New Jersey is awash with discount outlet malls, and William H. Turner likes to shop. But after almost a year of intensive searching, the chairman and chief executive of Chemical New Jersey Holdings has yet to find the bargain he seeks.
Mr. Turner, a senior vice president of Chemical Banking Corp., has a mandate to catapult the nation's third-largest bank from an also-run to a competitor in the Garden State. The New York-based company entered the neighboring state in 1989 by purchasing Horizon Bancorp, but has been stuck with a fifth-place market share ever since.
"We don't have as many branches as we'd like to have," Mr. Turner acknowledged in a recent interview. "The right deal just hasn't come along for us." But Mr. Turner, 53, continues to assert that he wants to double the bank's New Jersey assets of $5.6 billion in three to five years.

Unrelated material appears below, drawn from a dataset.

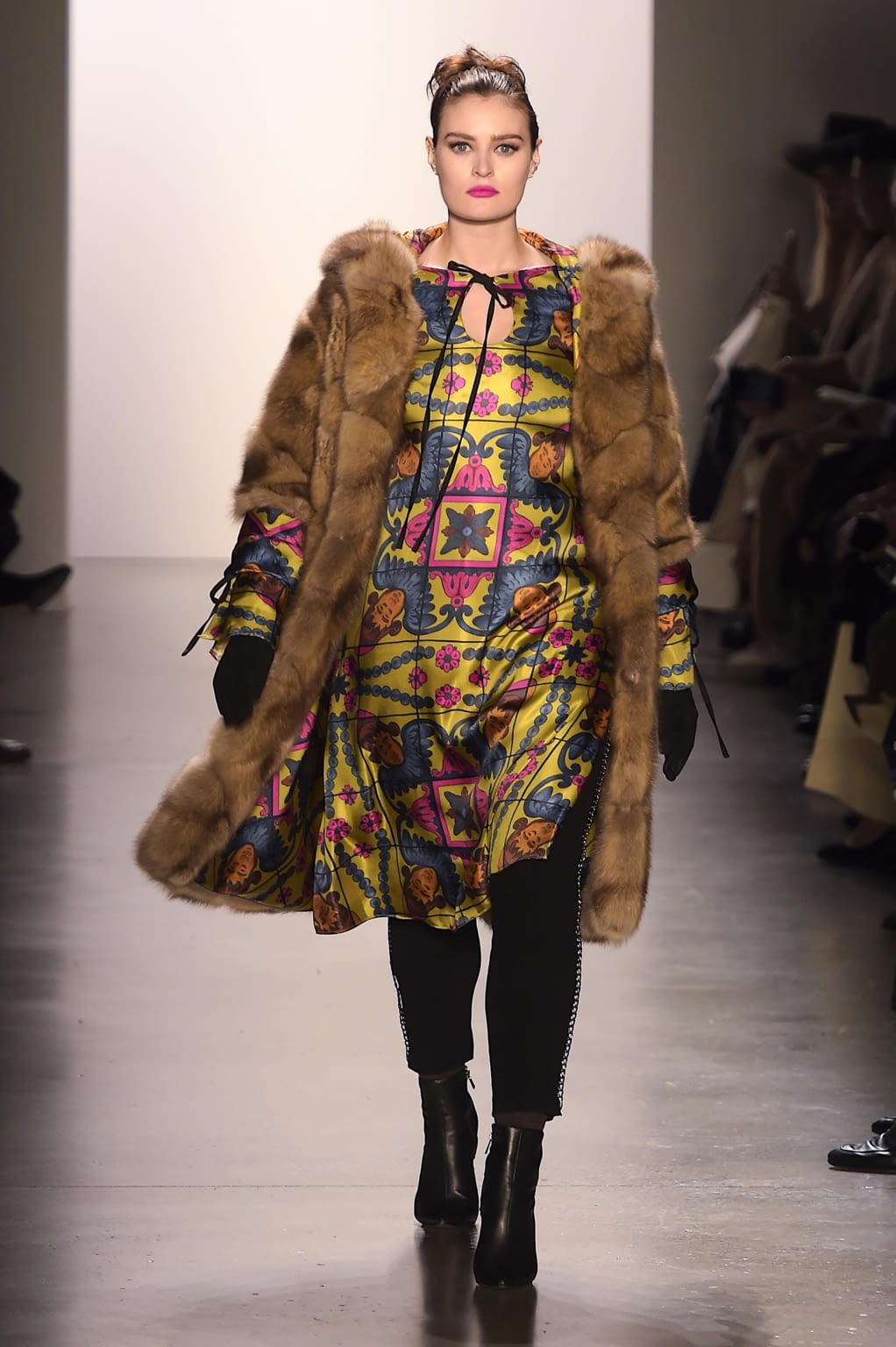 Fashion Week New York Fall/Winter 2020 look 27 from the Dennis Basso collection womenswear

The New Jersey native, who started his banking career at Chemical 31 years ago, has done a credible job with profits at the 130-branch New Jersey operation in recent months.

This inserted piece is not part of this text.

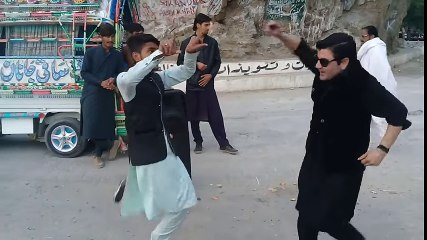 BEST DANCE ON Taaron Ka Chamakta gehna ho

Chemical does not break out its New Jersey results. But the subsidiary earned $71.2 million in 1992, after losing $9.7 million in 1991 and $79.8 million in 1990, according to Ferguson & Co.
With return on average common equity at 22% and return on assets of 1.37$ it is now on of the most. profitable banks' in the state.
But the executive knows that his bosses want more.
John McGillicuddy, Chemical's chairman and chief executive, has said that Chemical should rank among the top three in each of its banking markets.
In New Jersey, Chemical lags behind First Fidelity Bancorp., UJB Financial Corp. Midlantic Corp., and National Westminster Bancorp Inc.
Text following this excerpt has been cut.